Global central banks will continue to pursue aggressive monetary policies over the next few months and money supply growth is expanding at a stronger rate. There is, however, also a growing acceptance that monetary policy is becoming increasingly ineffective in supporting demand and there is likely to be a greater emphasis on fiscal policy to support growth over the next few months.
Greater confidence surrounding global growth is likely to underpin commodity prices with WTI crude finding support below the $40 p/b level for WTI with industrial commodities also firmer. Overall demand for defensive assets is likely to be slightly weaker.
Further Fed tightening would undermine emerging-market currencies, although the impact will be manageable if there is confidence in the global economy.
- The US presidential election is a potentially important risk factor. A victory for Republican candidate Trump would risk major turbulence surrounding US asset prices and could also cause major instability surrounding Federal Reserve policy.
- The Chinese debt position remains precarious while fresh credit injections are becoming increasingly ineffective. At best, rising defaults will increase banking-sector bad loans and government debt with the threat of a much more severe collapse in conditions which would undermine the global outlook.
- A sharper than expected increase in US inflation would risk a sharp sell-off in US bonds and force the Federal Reserve into a much more aggressive tightening cycle to head-off inflation which would risk recession conditions during 2017.
- There is still an important risk of political turbulence within the Euro-zone, especially given severe economic pressures in Italy. The greater risks are likely to be in 2017 with a focus on French and German elections.
- The underlying chase for yield will increase the risk of price distortions, asset-price bubbles and financial-market instability.

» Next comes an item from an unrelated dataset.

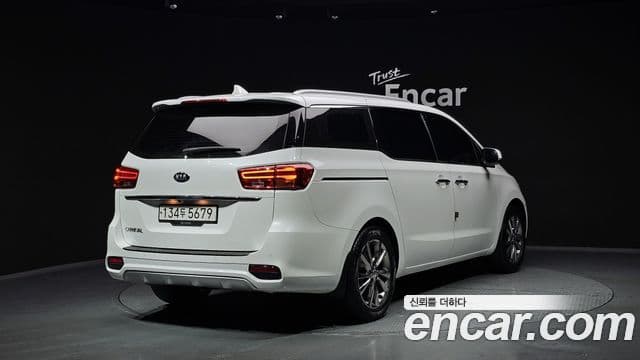 Kia The / новый New Carnival Special, 2020 2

The Federal Reserve is walking a tightrope and there are important risks that either rates will not be increased or that it will be forced into a faster pace of tightening. Overall, however, the most likely outcome is a small rate increase while the ECB maintains a very loose policy through the end of 2016 and the Bank of Japan eases further. The dollar should maintain a firm tone, but will face considerable barriers to extending gains given overall positioning in favour of the currency.